Lead-up to 2026: The lab shifts focus to “virtual world” training grounds as proxies for real-world complexity, seeking environments where agents must coordinate, negotiate, and plan across long time scales.

Early 2026: CCP management negotiates its way out of Pearl Abyss, lining up the $120 million needed to reclaim independence.

May 6, 2026: The rebrand to Fenris Creations is unveiled alongside assurances of no layoffs or internal restructuring, signaling continuity for EVE’s notoriously change-averse community.

The same day, DeepMind announces its minority stake — “in the millions” — and the research partnership centered on an offline EVE instance used to “test and evaluate models in a controlled setting.” Hassabis amplifies the news on X, calling EVE “one of the most extraordinary games ever built.”

From that point, EVE’s development roadmap and DeepMind’s research agenda are formally linked. The lab gains a complex, persistent, multiplayer environment. Fenris gains cash, prestige, and a new axis along which to pitch EVE’s future.

All the competing narratives

DeepMind’s angle: EVE as a stress test for real-world AI

For DeepMind, this looks like the next logical testbed: if agents can navigate a snarled web of alliances, markets, and warfare in EVE, maybe they can handle less contrived, real-world decision spaces.

The language about “long-horizon planning, memory, and continual learning” is straight out of cutting-edge AI research. EVE’s player-driven systems supply precisely the kind of non-stationary environment current models struggle with.

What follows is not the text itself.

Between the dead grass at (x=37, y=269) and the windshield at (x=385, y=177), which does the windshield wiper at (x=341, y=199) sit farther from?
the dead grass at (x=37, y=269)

Fenris’s angle: independence with a flagship partner

For Fenris, the story is survival and swagger. Buying independence for $120 million is a bold move; pairing that announcement with a multi-million-dollar minority investment from DeepMind tells investors and players alike that this isn’t a studio limping out of a publisher, but one graduating to a new league.

The promise of “no restructuring or layoffs” is a clear message to a community used to seeing buyouts followed by cuts. The rebrand to Fenris Creations, combined with an AI heavyweight as partner, signals a long-term bet on EVE as both game and research artifact.

Players’ angle: intrigued, wary, and very online

EVE’s community has built a culture around emergent complexity; many will instinctively like the idea that their universe is now a frontier for AI research instead of just another live service.

But this is also a community famous for paranoia and metagaming. Even with the offline server firewall, some will worry about:

  • Data use: How much historical player behavior informs DeepMind’s models?
  • Balance and opacity: Will AI-informed tweaks make the sandbox feel more manipulated?
  • Ownership: Who benefits if AI systems trained on EVE data are later deployed in finance, logistics, or defense?

Those questions don’t have satisfying answers yet, and neither Fenris nor DeepMind has been eager to spell out the long-term IP and data-sharing contours in public.

The bigger picture: when virtual worlds become infrastructure

Strip away the branding and this deal is about something larger: live service games graduating into infrastructure for AI research. EVE is now not just entertainment, but a mid-level rung in a ladder that runs from Atari ROMs to robots in warehouses.

If the experiment works, expect more of this: equity-for-access deals where AI labs plug into rich, persistent online worlds to harvest exactly the kind of emergent, adversarial complexity their models desperately need.

EVE has always been a place where players test each other’s intelligence and nerve. Now, quietly and in an offline mirror universe, it’s about to become a place where some of the world’s most advanced AI systems are tested too.